In the inquiry they also write that:
- it’s hard to define the differences between homosexual sexual contacts and contacts for prostitution purposes and that prostitution is a relative frequent occurrence in the male homosexual culture.
- the differences between the heterosexual and homosexual prostitution is that the homosexual prostitution can sometimes be a combination of business and sexual pleasure for the seller, which in practice never happens in the heterosexual prostitution.
- prostitution is harmful for the public moral.
- that men can purchase female bodies to satisfy their own sexual needs is a violation of the concept that all human beings have the same worth and the goal of equality between men and women.
- the sextrade represent an unacceptable position and is an obstacle for the individuals development.
The report recommended a criminalization of both the buyer and the seller with the motivation that a criminalization would:
- act as a normative function that prostitution is not socially acceptable.
- the risk for arrest, investigation by the police and risk of a public trial would act as an abstaining factor for sexbuyers.
- a criminalization would act as a abstaining effect for women to enter the prostitution market. The females would also get a stronger position when standing up against persuasions if they could say that it was illegal.
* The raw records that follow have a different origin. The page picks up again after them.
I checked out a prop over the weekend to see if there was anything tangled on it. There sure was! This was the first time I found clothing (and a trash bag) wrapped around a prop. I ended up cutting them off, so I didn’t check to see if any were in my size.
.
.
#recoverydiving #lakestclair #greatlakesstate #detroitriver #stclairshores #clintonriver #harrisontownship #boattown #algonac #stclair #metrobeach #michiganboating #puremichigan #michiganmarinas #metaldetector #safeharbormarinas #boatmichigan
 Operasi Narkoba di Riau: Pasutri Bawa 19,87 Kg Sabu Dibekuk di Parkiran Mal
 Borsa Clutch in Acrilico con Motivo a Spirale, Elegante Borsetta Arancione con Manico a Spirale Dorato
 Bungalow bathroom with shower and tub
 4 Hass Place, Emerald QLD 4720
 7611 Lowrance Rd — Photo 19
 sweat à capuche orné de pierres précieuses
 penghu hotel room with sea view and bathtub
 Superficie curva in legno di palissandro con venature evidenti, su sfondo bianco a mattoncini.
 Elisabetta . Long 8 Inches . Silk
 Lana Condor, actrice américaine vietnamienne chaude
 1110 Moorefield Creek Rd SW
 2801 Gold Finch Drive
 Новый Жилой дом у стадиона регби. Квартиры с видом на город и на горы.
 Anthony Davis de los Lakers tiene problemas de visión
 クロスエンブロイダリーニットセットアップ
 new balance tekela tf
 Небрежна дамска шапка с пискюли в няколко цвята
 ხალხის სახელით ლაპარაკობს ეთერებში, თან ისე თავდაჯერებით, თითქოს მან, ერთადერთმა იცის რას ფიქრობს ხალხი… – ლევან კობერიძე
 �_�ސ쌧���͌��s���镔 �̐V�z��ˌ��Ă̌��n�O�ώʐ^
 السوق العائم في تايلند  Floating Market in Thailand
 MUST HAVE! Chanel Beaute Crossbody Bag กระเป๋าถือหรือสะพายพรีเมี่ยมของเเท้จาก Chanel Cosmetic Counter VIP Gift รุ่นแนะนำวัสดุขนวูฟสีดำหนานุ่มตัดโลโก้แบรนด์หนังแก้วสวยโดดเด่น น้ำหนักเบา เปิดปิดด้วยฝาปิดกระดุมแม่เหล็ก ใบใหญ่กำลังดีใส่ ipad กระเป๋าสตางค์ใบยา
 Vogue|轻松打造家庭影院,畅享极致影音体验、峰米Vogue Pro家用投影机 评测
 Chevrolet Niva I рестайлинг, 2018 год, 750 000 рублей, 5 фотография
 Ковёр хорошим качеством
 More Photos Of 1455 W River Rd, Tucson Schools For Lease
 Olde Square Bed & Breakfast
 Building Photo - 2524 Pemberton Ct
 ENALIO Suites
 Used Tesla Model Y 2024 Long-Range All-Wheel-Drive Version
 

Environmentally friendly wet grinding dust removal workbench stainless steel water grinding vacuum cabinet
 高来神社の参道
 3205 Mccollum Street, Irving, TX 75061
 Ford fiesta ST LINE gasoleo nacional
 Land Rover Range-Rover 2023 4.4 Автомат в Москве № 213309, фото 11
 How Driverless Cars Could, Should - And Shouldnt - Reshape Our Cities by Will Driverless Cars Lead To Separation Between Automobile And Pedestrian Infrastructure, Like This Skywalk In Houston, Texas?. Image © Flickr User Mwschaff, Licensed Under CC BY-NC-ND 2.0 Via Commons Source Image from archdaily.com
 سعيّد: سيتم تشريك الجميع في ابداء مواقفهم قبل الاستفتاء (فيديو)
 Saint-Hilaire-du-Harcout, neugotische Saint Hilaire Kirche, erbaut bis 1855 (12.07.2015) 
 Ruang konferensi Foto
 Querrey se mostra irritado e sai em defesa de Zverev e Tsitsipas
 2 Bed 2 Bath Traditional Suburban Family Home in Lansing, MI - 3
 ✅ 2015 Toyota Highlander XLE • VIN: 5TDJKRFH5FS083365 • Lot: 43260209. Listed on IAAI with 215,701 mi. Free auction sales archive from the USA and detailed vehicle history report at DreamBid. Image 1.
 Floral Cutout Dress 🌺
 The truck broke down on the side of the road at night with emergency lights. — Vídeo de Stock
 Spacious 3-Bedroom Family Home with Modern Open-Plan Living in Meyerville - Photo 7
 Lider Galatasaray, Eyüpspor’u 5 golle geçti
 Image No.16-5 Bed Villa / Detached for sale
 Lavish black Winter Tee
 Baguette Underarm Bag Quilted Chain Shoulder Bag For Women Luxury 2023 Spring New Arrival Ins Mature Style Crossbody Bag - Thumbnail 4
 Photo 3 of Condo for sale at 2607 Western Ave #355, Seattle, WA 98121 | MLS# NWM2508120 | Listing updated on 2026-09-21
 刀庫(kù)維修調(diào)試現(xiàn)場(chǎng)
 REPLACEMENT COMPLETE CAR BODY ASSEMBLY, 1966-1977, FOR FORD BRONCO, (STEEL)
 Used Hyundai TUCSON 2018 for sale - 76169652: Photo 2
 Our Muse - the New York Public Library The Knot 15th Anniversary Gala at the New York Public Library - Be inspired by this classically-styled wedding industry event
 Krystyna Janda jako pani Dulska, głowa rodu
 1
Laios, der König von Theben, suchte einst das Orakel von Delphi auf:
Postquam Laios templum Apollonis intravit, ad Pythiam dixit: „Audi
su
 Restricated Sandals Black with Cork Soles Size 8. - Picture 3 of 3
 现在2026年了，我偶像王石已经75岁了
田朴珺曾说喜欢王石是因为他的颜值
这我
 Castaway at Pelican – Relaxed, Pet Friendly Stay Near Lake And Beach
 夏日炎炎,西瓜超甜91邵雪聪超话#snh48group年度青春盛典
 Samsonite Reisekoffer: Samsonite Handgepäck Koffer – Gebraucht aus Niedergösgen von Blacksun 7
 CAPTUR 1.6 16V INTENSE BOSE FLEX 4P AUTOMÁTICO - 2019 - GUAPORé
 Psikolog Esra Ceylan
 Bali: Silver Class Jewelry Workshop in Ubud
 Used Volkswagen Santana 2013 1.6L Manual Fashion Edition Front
The report was sent out for referral and consideration. Only two organisations were in complete favour – the women forum foundation and the Stockholm police – of the proposal. 24 organisations were against a criminalization of the sextrade and 14 organisations favoured only criminalizing the buyer. The rest didn’t have an opinion.
The sexworkers themselves did never get a chance to express their feelings about the proposal.
The decision about the sex-purchase law
The government took up the issue of criminalizing prostitution in connection with their treatment of a report from the commission against violence towards women called ”Women peace” that proposed a number of measures to raise the equality between men and women and to prevent violence against women.
The government did not think it was acceptable that men could buy sexual services from women in an equal society. They reached the conclusion that only to criminalize the buyer of sexual services. The government didn’t think it was reasonable to criminalize the seller since they considered the sexworker the weakest part, a person that is being exploited by others who want to satisfy their own sexual desires.
Sweden criminalized the buying of sexual services January 1 1999.